In a first embodiment, upon recognition of the conversation partner by means of the speaker recognition unit, the operation of the hearing aid is adapted depending on the speaker in that a hearing direction of the hearing aid is directed, in particular focused, toward the conversation partner. The hearing aid is operated in this case in particular in an operating mode “directional hearing”, for which the microphone is designed as a directional microphone in order to highlight sound signals from a specific direction in relation to sound signals from other directions. This specific direction is determined by a directional characteristic of the microphone which is now set such that it highlights the recognized conversation partner in relation to other sound sources in the surroundings.

In a second embodiment, upon recognition of the conversation partner by means of the speaker recognition unit, the operation of the hearing aid is adapted depending on the speaker in that a sound profile or operating program of the hearing aid assigned to the conversation partner is set. The operation of the hearing aid, in particular processing of the input signal by means of the signal processing unit, is thus specially adapted to the conversation partner. For example, the conversation partner generally speaks particularly quietly and a sound profile is then stored using which the signal processing unit uses a greater amplification factor than is specified by the audiogram. It is also conceivable that the headset mode is activated for a specific conversation partner if they also have a hearing aid which is also switched into a headset mode in order to then communicate directly by means of audio signals.

In a third embodiment, upon recognition of the conversation partner by means of the speaker recognition unit, the operation of the hearing aid is adapted depending on the speaker in that a media playback is interrupted which takes place via the hearing aid. The condition for this is that a media playback is active at all at this point in time. Similarly to the headset mode, the hearing aid is also operable solely as an audio output device in a media playback mode. If this is active and the conversation partner is recognized, the media playback mode is interrupted so that the user can better understand the conversation partner. This is particularly reasonable in combination with the above-mentioned list of conversation partners for which the speaker recognition unit is activated at all, so that then also the media playback is interrupted especially only for this—possibly particularly relevant—conversation partner.

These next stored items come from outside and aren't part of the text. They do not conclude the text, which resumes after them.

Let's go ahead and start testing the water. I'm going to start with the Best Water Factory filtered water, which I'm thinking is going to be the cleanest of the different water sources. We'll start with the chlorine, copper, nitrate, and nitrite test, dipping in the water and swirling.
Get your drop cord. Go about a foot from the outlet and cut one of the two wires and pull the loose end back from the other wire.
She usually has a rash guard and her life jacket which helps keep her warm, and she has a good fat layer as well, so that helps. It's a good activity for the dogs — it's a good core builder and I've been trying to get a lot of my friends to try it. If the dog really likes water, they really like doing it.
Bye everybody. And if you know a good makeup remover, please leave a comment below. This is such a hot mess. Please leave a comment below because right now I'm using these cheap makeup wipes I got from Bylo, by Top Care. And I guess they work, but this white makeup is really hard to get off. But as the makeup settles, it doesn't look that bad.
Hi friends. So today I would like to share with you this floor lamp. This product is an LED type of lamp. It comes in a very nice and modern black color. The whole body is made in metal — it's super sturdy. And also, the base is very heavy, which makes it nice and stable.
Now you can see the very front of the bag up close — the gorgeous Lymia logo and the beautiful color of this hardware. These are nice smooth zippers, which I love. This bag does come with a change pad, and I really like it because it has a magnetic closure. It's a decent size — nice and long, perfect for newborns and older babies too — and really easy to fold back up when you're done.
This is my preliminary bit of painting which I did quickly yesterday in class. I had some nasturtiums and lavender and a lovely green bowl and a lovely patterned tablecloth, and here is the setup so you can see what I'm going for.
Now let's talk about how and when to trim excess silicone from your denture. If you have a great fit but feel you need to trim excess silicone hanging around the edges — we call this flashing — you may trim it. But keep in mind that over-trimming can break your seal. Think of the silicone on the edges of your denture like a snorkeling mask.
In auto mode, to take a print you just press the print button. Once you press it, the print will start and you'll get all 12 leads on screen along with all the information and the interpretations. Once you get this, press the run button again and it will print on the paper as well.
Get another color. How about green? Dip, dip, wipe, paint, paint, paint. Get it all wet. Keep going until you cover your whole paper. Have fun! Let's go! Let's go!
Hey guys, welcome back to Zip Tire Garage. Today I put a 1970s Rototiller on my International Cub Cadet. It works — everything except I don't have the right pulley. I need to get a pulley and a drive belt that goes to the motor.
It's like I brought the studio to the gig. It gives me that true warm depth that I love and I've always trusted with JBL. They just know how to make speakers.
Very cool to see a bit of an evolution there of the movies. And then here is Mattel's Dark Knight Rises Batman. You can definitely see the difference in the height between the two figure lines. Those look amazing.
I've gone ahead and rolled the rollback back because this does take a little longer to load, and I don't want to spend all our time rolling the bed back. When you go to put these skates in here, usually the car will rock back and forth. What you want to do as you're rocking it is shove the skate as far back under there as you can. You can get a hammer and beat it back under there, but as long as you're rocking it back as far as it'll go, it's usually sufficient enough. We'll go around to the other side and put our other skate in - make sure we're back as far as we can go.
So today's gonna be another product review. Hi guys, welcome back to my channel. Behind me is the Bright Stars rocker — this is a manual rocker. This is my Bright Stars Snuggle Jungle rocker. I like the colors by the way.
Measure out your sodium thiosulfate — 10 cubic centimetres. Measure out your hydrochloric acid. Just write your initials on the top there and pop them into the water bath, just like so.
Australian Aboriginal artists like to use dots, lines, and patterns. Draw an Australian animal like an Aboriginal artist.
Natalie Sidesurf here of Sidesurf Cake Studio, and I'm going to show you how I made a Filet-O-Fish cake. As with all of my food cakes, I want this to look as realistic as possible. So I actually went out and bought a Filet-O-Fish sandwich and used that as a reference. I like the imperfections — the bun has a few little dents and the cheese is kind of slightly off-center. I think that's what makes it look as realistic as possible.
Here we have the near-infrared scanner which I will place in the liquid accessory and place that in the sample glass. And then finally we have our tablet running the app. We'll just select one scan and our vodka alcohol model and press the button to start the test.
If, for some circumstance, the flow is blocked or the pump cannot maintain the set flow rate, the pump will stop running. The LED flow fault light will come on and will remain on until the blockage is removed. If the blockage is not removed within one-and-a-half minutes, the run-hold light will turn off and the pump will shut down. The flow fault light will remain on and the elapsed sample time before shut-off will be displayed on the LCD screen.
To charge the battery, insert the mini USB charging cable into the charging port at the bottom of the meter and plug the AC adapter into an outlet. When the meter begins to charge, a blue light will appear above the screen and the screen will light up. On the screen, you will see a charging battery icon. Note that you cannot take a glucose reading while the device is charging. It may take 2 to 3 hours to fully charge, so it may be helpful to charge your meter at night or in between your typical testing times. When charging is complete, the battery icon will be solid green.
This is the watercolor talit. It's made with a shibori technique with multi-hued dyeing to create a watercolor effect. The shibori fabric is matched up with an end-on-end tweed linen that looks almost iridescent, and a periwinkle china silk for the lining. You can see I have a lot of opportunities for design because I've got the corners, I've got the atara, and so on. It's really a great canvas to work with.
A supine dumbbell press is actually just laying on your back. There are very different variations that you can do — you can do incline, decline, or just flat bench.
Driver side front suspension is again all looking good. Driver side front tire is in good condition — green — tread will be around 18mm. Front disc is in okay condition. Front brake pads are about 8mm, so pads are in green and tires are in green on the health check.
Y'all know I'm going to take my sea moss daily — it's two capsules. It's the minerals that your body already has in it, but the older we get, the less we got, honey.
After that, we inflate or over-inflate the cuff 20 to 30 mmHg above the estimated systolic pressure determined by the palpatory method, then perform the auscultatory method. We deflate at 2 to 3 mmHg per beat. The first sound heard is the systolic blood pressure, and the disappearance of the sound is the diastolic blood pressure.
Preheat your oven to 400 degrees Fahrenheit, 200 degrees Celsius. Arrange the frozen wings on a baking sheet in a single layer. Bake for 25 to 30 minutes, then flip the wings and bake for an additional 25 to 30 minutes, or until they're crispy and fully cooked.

In a fourth embodiment, upon recognition of the conversation partner by means of the speaker recognition unit, the operation of the hearing aid is adapted depending on the speaker in that a silent operation of the hearing aid is deactivated. The condition for this is that the silent operation is active at all at this point in time. In silent operation, for example, ambient noise suppression or noise suppression is activated. The statements and advantages on the third embodiment above fundamentally apply analogously for this purpose.

In a fifth embodiment, upon recognition of the conversation partner by means of the speaker recognition unit, the operation of the hearing aid is adapted depending on the speaker in that a preprocessing unit of the hearing aid is activated, in particular for speech recognition. The preprocessing unit implements optional preprocessing of the input signal from the microphone, in particular before the input signal is further processed. For example, the hearing aid has a speech recognition unit by means of which speech is recognized in particular in parallel to and fundamentally independently of the signal processing unit. For this purpose, preprocessing before the speech recognition unit is advantageous, for example, to deliberately isolate speech components. This is carried out by means of the preprocessing unit, the activation of which is only required, however, if speech or special speech which is also actually to be recognized is also present.

Other features which are considered as characteristic for the invention are set forth in the appended claims.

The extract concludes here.